The developed beacon consists of the digital microcontroller, where the data payload is encoded with the spreading code, a local oscillator, frequency multiplier/phase modulator and PA. For experimental tests, the payload is kept as a constant ASCII message, that for general usage would be replaced by some useful non-deterministic data.
The main goal of this design was the construction of a discrete system, using jellybean parts. The binary phase-modulation process, that commonly is accomplished by a diode-ring balanced modulator, was embedded in the frequency multiplication circuit, reducing the project parts count.
The reference frequency is harmonic multiplied to the desired output band. The double-resonant tank is constructed with a balanced output inductor, where the ground is connected at the L2/L3 center tap. C1 tunes the primary inductance L1, and C2 tunes the secondary side inductance.
The 10p capacitor loosely couples the oscillator signal to the L1/C1 tank. The 15r resistor damps oscillations at anharmonic frequencies.
In the designed prototype, a 16MHz oscillator is used, allowing the selection of harmonics in the HF bands of 48, 64, 80, 96 and 112MHz.
The two tanks are air coupled with a weak coupling, this is accomplished by the mechanical position of the inductors at the PCB. An improvement of the current prototype would be an even weaker coupling, enhancing the frequency selectivity of the desired output harmonic.
The balanced architecture directly outputs the two phases needed for a BPSK modulation. Modulation is simplified by an RF SPDT diode switch. The diodes are used to select which phase (0/180deg) excites the PA. The diodes are biased directly by the AVR, using the 1k5 resistors. The modulation stream is generated differentially on firmware, and switches the upper and bottom diode in opposite phase.
An 74HC04 CMOS inverter, biased in the linear region, serves as an exciter to the PA. The linear gain brings the signal level of the multiplier/modulator to the logic levels needed by the output amplifier.
The AVR firmware is responsible for the DSSS modulation. A software LFRS is used for the generation of the spread sequence. The prototype uses a 6 bit register, with taps configured to generate a maximum-length sequence of 63 bits. A latter update of the code replaced the LFRS by a table with the pre-computed sequence.
Each data bit clock advances a full sequence of the LFRS, enlarging the original data rate by 63 times. The firmware outputs the modulation stream in differential form, switching the modulator diodes directly.
The reference signal comes from a simple Pierce oscillator. A low-pass tap helps to isolate the RF and digital sections, feeding the AVR clock input. This synchronizes the RF output with the firmware execution, which could facilitate the demodulation process at the receiver side.
A different crystal could bring the output signal to an allowed ham radio band.
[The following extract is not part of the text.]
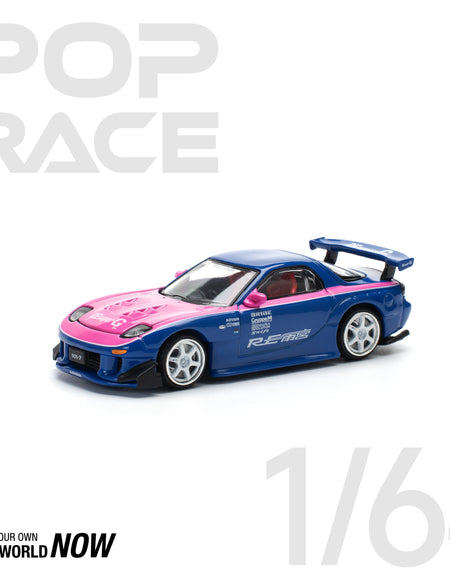 POPRACE 1/64 MAZDA RX7 RE-AMEMIYA - BLUE/PINK model car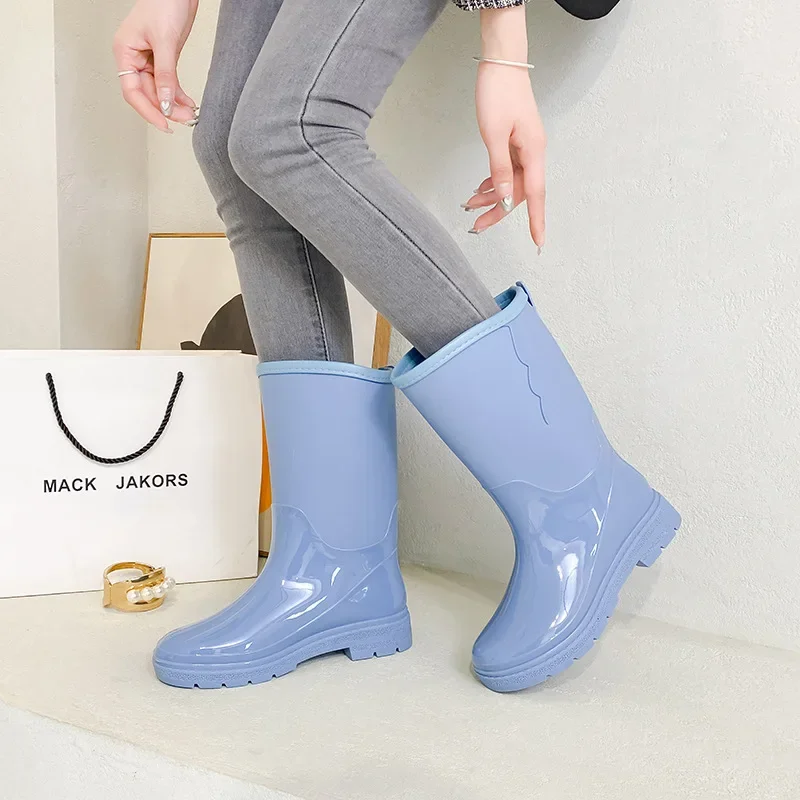 Botas de água para mulher sapatos de chuva moda galochas mulheres botas de borracha à prova dwaterproof água pesca sapato de trabalho calçados botas para lluvia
A simple PA was created using the remaining logic gates of the 74HC04 integrated circuit. Three gates with output resistors creates a decent 50ohm output.
The helix antenna was matched to the circuit using a 1uH inductor, as the natural resonance of the short antenna was higher than the desired output frequency of 96MHz. A self-resonant antenna would not fit the prototype size.
For commercial use, this PA is not suitable. The output signal is rich in harmonics, generated by the near square wave output of the logic gate. An output low-pass filter, of at least 5th order, would improve the spectral leakage and could also incorporate the antenna match impedance transformation.
The prototype was constructed using a dual layer FR4 PCB, where the bottom is used as a ground plane. The harmonic frequency multiplier is easily seen in the center of the board. The weak coupling between the tank inductors is accomplished by the distance between them.
The two 1N4148 signal diodes are placed near the multiplier output, and the AC coupled RF output feeds the 74HC04 exciter gate.
Two LEDs were placed near the AVR, serving as visual indication of the firmware status. A 78L05 voltage regulator supplies 5V to the AVR and also to the HC04 integrated circuit. The pin header at the left of the board enables easy connection of an Atmel ICE, for in-circuit programming.